§ **PROVIDED MATERIAL**
------------------------------------------------

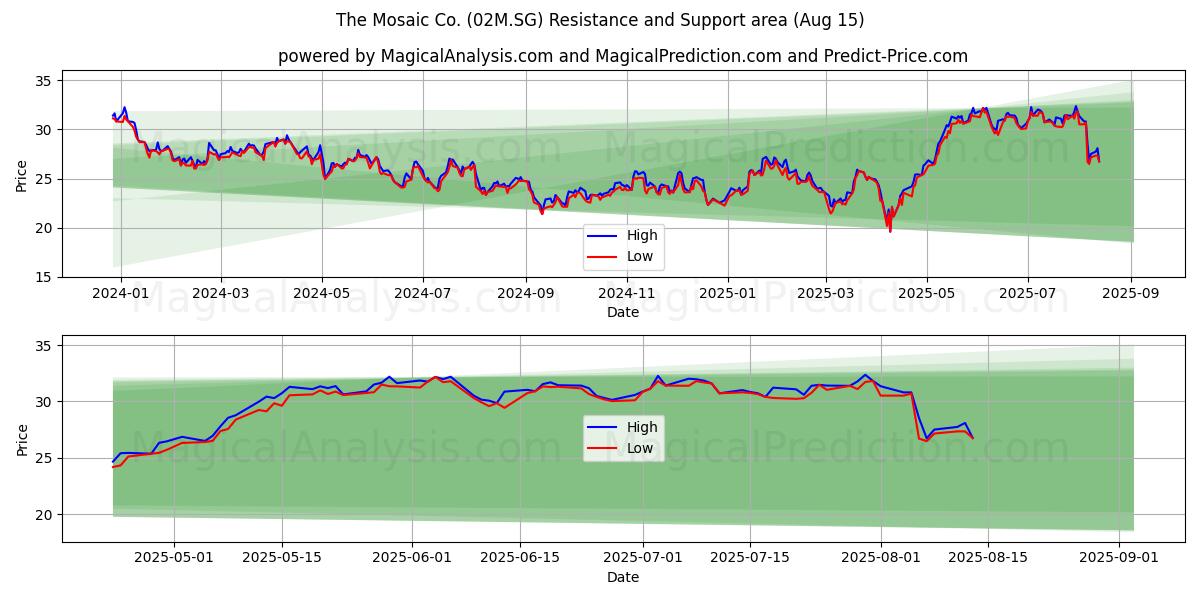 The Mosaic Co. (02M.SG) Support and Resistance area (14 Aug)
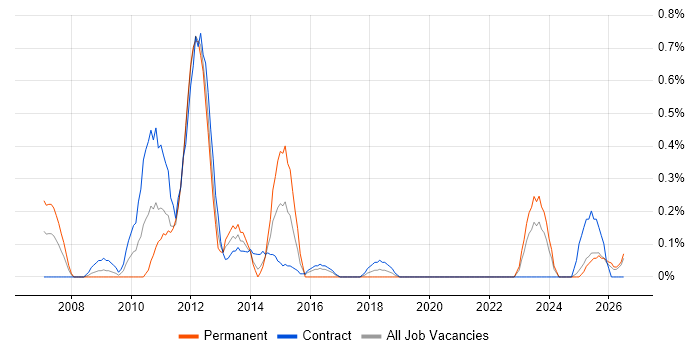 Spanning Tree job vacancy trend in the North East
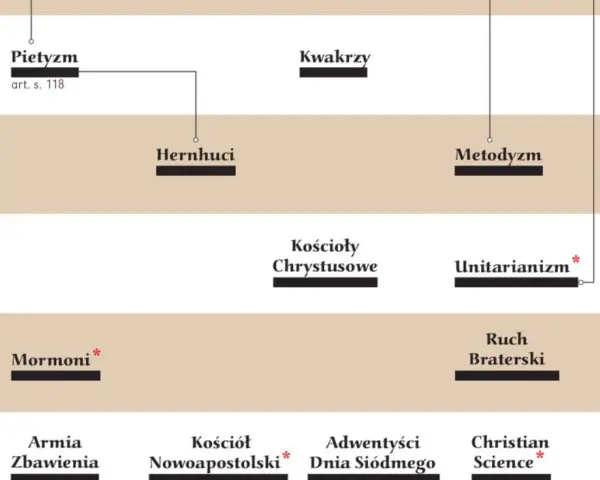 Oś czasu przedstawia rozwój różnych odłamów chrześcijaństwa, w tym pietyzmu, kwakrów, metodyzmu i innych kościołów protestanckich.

------------------------------------------------

For this exercise, retype the data above exactly and skip every image.

 The Mosaic Co. (02M.SG) Support and Resistance area (14 Aug)
 Spanning Tree job vacancy trend in the North East
 Oś czasu przedstawia rozwój różnych odłamów chrześcijaństwa, w tym pietyzmu, kwakrów, metodyzmu i innych kościołów protestanckich.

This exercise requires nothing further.